When I woke up at 3am, it had 380 notes.  (Look, the little notifications kept lighting up my phone’s screen, of course I was going to peek!)  Right now, it’s 583.

I always meant to post it here eventually, just for the sake of archiving, but also to correct the typo now spreading like a virus through the world.  In terms of wacky history adventures, it’s probably the spiritual cousin of this post.

Sophia, holding the regalia of the Tsar.  This made the actual Tsar (one of them) a bit cross.

Sophia, holding the regalia of the Tsar. This made the actual Tsar (one of them) a bit cross.

Every now and then — okay, it usually involves a Wikipedia binge — I come across a portrait of some historical figure that’s just so arresting that I have to stop and gape. (I have been resisting the urge to make a whole separate Tumblr for it.)

This cranky lady is the Tsaritsa Sophia Alekseyevna of Russia (1657 – 1704). She was the daughter of Tsar Alexis I, and served as regent of Russia for seven years.

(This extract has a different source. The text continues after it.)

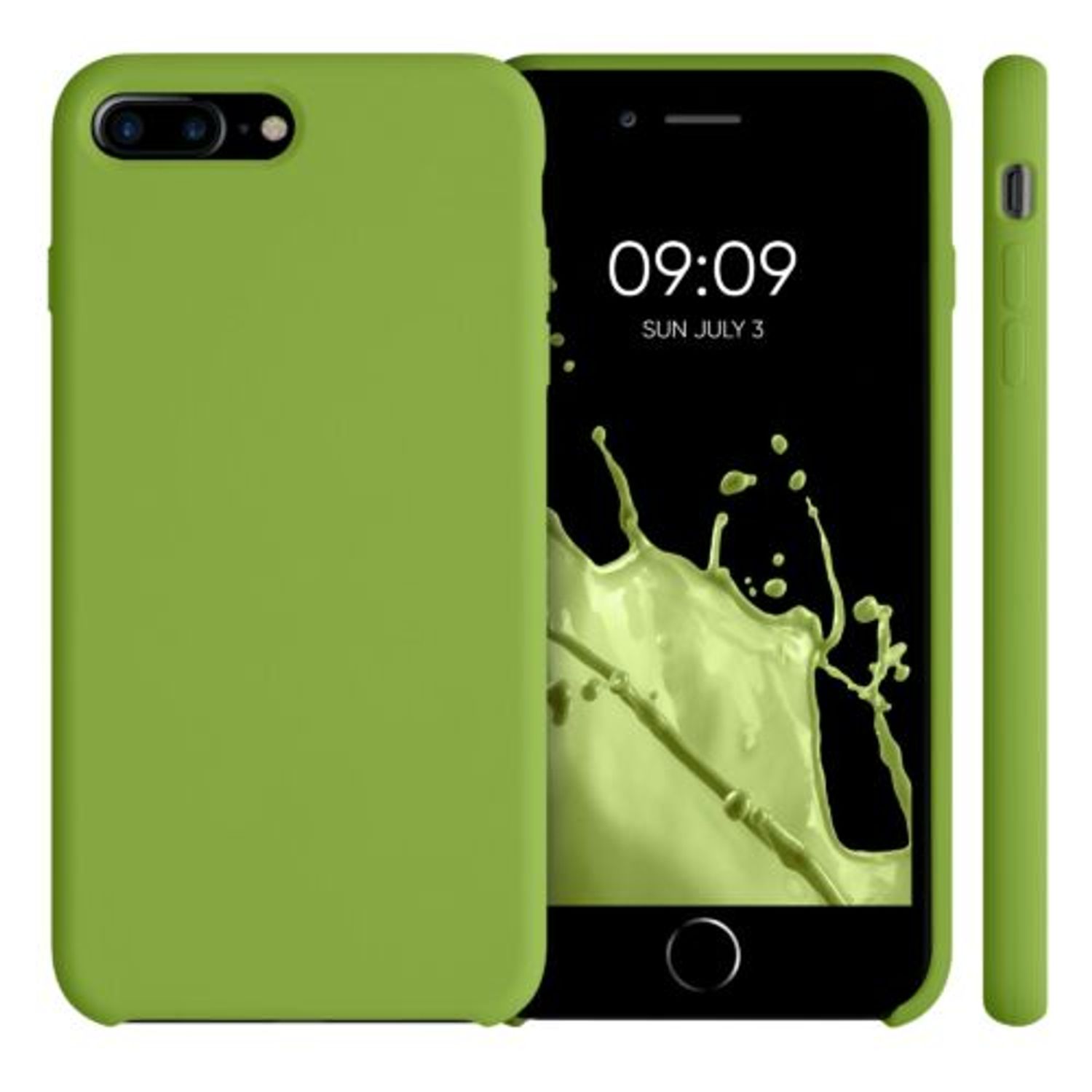 Husa pentru iPhone 8 Plus/iPhone 7 Plus, Silicon, Verde, 40842.220 fotografia produsului View 3 L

The mere fact that we know her name and have her portrait is unusual, because in Sophia’s time, the Tsar’s daughters were kept secluded from, well, everyone. They were of such high rank that it was unthinkable for them to marry a mere Russian aristocrat, but it was equally impossible for them to marry outside the Russian Orthodox faith. So they spent their lives in the palace, and were heavily veiled and guarded when they went out in public. Most weren’t educated, although in this era, the majority of Russian aristocrats were illiterate, so that wasn’t just ye olde sexism.

Sophia rebelled against these restrictions from a young age. She demanded to be given the same classical education as her brother, Feodor. Their father, who seems to have been pretty reasonable for a guy with the title of “autocrat”, agreed. Thus Sophia was one of the most highly educated people in Russia, and probably one of the most educated women in Europe.

When Sophia was 19, her father died at the early age of 46. He left three male heirs: Feodor and Ivan, both of whom were disabled, and, by his second wife, Peter, who was not. History remembers Peter as “Peter the Great”, so, spoilers, Feodor and Ivan aren’t long for this world.

In fact, the book I’m reading (Peter the Great by Robert K Massie) tends to bang on about how Feodor was so very disabled he was a really ineffectual Tsar, only to turn around and then list Feodor’s achievements. Considering that he was frequently bedridden (he was partially paralysed and had some kind of spinal and leg dysfunction), he was quite a reformer.

Of course, it helped that he had Sophia by his side, working with him. Some historians credit Sophia with all of Feodor’s achievements, but this seems unlikely.

(Historical intersectionality problem: do we erase women, or the disabled? HOW ABOUT BOTH?)

Feodor ruled for six years before he died. His death presented Sophia, and Russia, with a problem. Technically, 16 year old Ivan should have been next in the succession, but he was blind and possibly had some kind of intellectual impairment, plus a speech impairment. He was also not all that keen on being Tsar.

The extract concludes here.